3) It’s Basically a Hack

Hacks are cool. Hacks often come from clever people. Hacks make the world go ’round! But hacks are also exhausting, and cause chaos and unpredictability, and that’s exactly how Goal Seek and Solver work. These things aren’t even on by default! In Sheets, you have to find them in the Extensions store (Goal Seek is from Google, Solver is from some company) and turn them on, and then they run as little sidebar apps. The Excel scenario is even weirder; Solver is built into Excel but it’s not on by default either, and you have to go through this byzantine set of preferences to even make it available. Why? I have no idea, but maybe it’s because the UI that appears looks like this:

Look, we have many UI/UX things to improve in Resolution, no doubt. But this isn’t even an attempt to make this make sense. This is a Visual Basic script built for people who enjoy building Visual Basic scripts. And keep in mind, this all sits on top of Excel. It’s just basically using Excel for you, albeit in a pretty clever (and very persistent) manner. But that means your spreadsheet itself has no idea what you actually want here — it never does — and as a result some things are going to work in very weird ways. Undo, for instance, got all kinds of messed up in Google Sheets when I used Goal Seek. I haven’t played enough with the Excel implementation so maybe it’s smoother, but generally companies don’t build amazing intuitive data exploration features, leave them off by default, and not tell you about them unless they are a little rough around the edges.

4) It’s Opaque

This is both the most trivial and forgivable sin of iterative calculations, and somehow the one that bothers me the most and seems the most at odds with the ethos of Resolution. But the biggest challenge I always had with spreadsheets wasn’t necessarily getting specific answers to things. That was annoying, but just like Goal Seek and Solver show, it was also literally possible as long as you changed a value twenty billion times, or made a second spreadsheet, etc. and so forth. Iterative calculations give you value by somewhat clumsily automating that annoying work, and doing it at massive, beyond-human scale. So yeah, answers can be derived if you have the stomach for it.

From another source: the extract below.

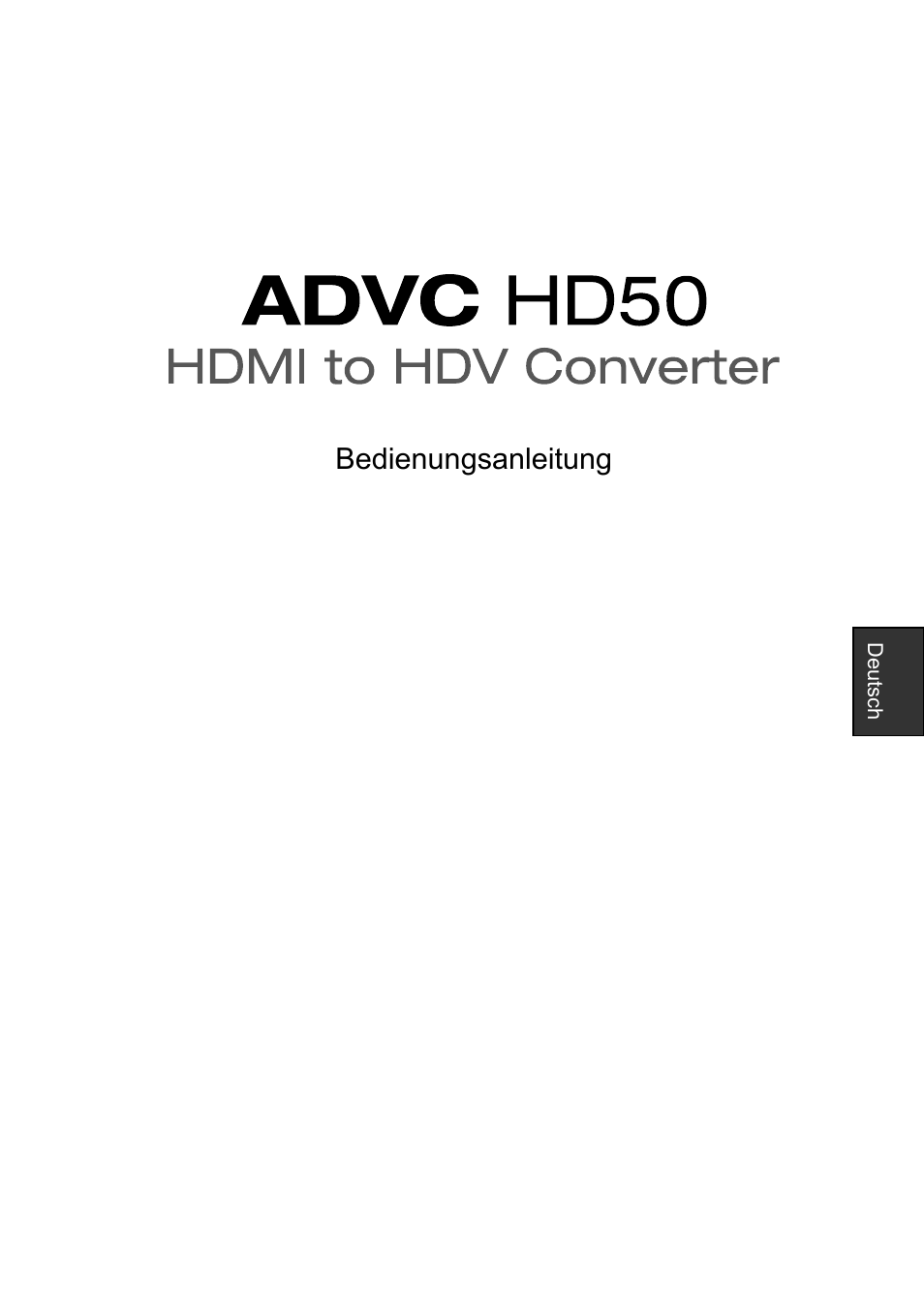 Bedienungsanleitung | Grass Valley ADVC-HD50 User Manual | Page 37 / 48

The problem I really had with spreadsheets is that they were terrible at conveying any actual grasp of the numbers and situation at hand. I could give you my Marketing Leads spreadsheet, and you’d learn some stuff, but you’d also waste a lot of time trying to figure out where lots of numbers come from, whether certain things are calculated correctly, and whether some factors mattered a lot or a little. Or, more likely, you’d give up and either trust me or not trust me based on whether you thought I was intelligent, or my suit fit properly (it never did). For real understanding of the universe my spreadsheet was representing, you’d need to try things and work backwards and see all of the pushing and pulling I mentioned earlier.

You simply do not get that experience — at all — with any of these features, or with iterative calculation tech in general.

So… what?

After really digging into these iterative calculation features for a couple days, I have a few conclusions.

  • The mechanic that Resolution doesn’t just do, but is actually built around — enough people want to do it that BIG SPREADSHEET has made an attempt
  • They are doing it for a very different reason; it’s to spit out a correct answer, not to explore relationships between things
  • It’s a pretty lame attempt, honestly, and feels like a macro that might break at any moment (and in Google’s case, apparently does, according to the reviews)
  • There is just zero appetite from BIG SPREADSHEET to fundamentally expand how spreadsheets work or what they can handle… they aren’t coming for this corner anytime soon

All of that makes sense. Until I can get people to realize how awesome it is to learn through spreadsheet-like numerical relationships without the brittleness and technicality of actual spreadsheets, and do that in large numbers, why would they waste their time trying to solve this?

Onward we march, then, towards a glorious new day of easily manipulatable mathematical logic models.